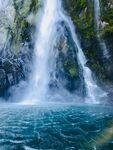 山间飞瀑下的幽蓝潭水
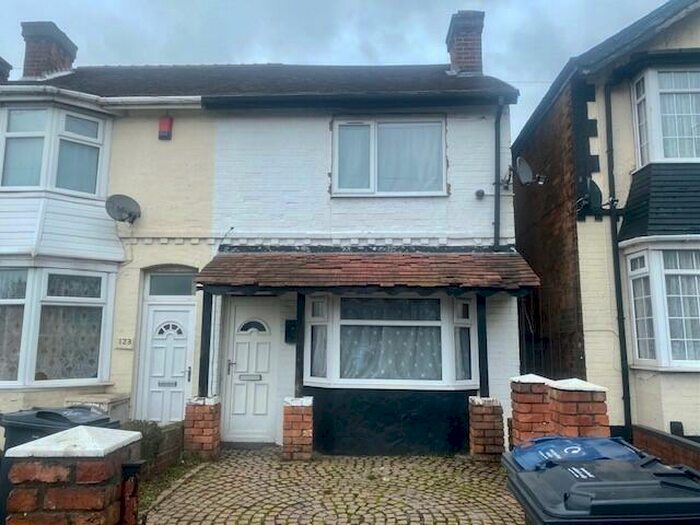 4 Bedroom House To Rent In Resevoir Road, Erdington, B23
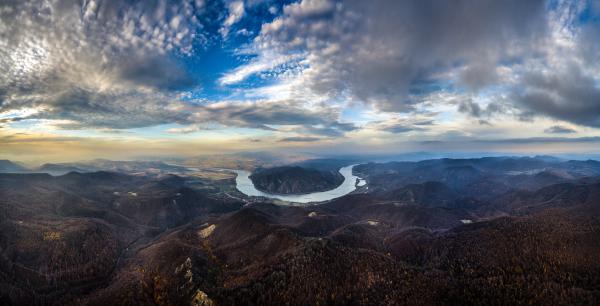 Visegrádi-hegység vonulata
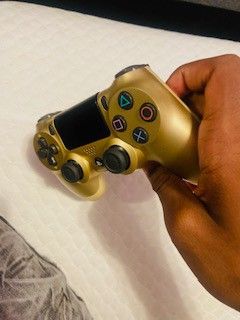 PS4 Golden Controller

- _TASK DIRECTIONS_
Set the listing down verbatim, excluding pictures.

- _REPLY_
 山间飞瀑下的幽蓝潭水
 4 Bedroom House To Rent In Resevoir Road, Erdington, B23
 Visegrádi-hegység vonulata
 PS4 Golden Controller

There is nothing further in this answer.